Pushpendra: This fear of being outnumbered is a colonial fear. Wherever colonial powers have gone they have always felt this fear of being outnumbered by either the subjugated groups or the local indigenous people. How do you see it?

Akil: You are right, absolutely. The history of subjugation of India by the British.. So yes that is true.

Pushpendra: I want to come back to racism for that is the keyword here. It seems like it is all about the actions of these people who have been filled with hate and they are biased and it is the ‘individuals’ who are committing these acts. However, I would like you to give us a macro picture of systemic racism as to how policies are designed, how the private sector discrimination takes place with respect to specific communities and how it translates into practices?

Akil: These individual aggressions of average white people in this country we have endured since our kidnapping and being brought here. Those individuals and groups have always been a part of the extrajudicial forces of the American empire. Now, the structures of institutions that have been built to absolutely subjugate and to stifle the natural growth and yearnings of self determination for all groups within the internal American empire. But within this context we are particularly talking about Black folks, where these are intentional, they were created to be intentional, to make sure that wealth accumulation, health outcomes, housing, education and every area of human endeavour is to be stymied and create an instance of a ceiling so to speak, that Black people will never remove themselves from in the eyes of those who designed it. So the whole idea of some of the pushback that you hear that the system is broken or the system is malfunctioning.. no, no, no.. the system is functioning just as it was designed. The problem is the system. It has to be dismantled.
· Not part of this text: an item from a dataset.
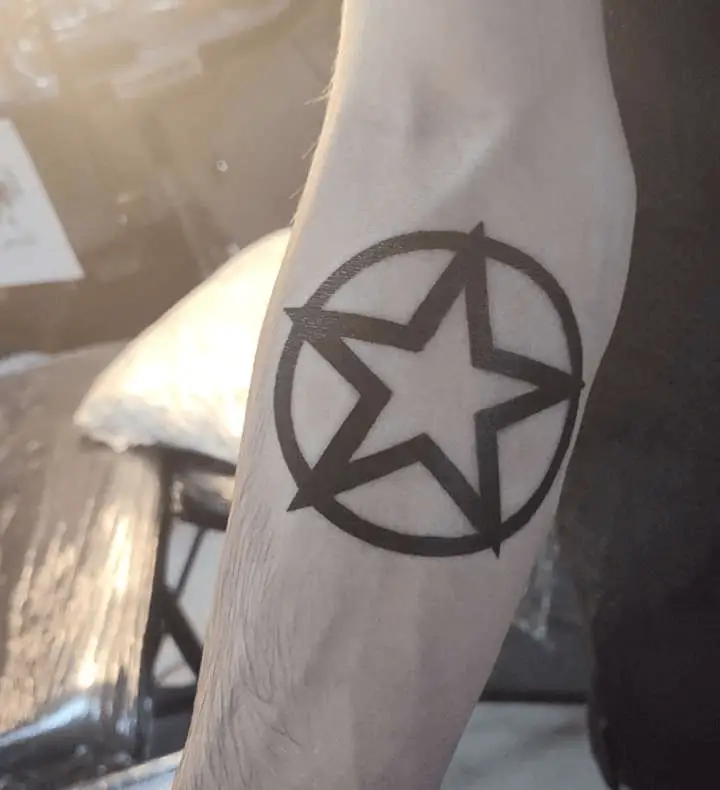 Simple geometric tattoo featuring a star and circle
Pushpendra: Another important thing that one is witnessing is the unusual numbers of white people that are joining the protests and even in predominantly white states like Maine, Idaho etcetera. What does participation of large numbers of white people signify in the Black people’s movement today?

Akil: I think there are a number of factors that are involved. One of them is the interaction of younger people with other younger folks of different races. The total ingestion of the Black culture among young white people contributes to that. The huge contradiction around whiteness has contributed to that. And they are looking at their own circumstances. Also, again they are looking around and saying ‘look I am 21, 22, 23, 24, 25.. I am white and what was laid out for me does not exist. That doesn’t exist. You lied to me!’ I think it comes to a point of carrying that weight. Oppression has two victims, the oppressed and those who oppress, Frantz Fanon taught us that in Wretched of the Earth. That’s a tremendous burden to carry around the lie of America and the lie of whiteness. That’s tremendous weight. I think what I see around me is that a lot of white people are unburdening themselves from carrying around the lie of whiteness.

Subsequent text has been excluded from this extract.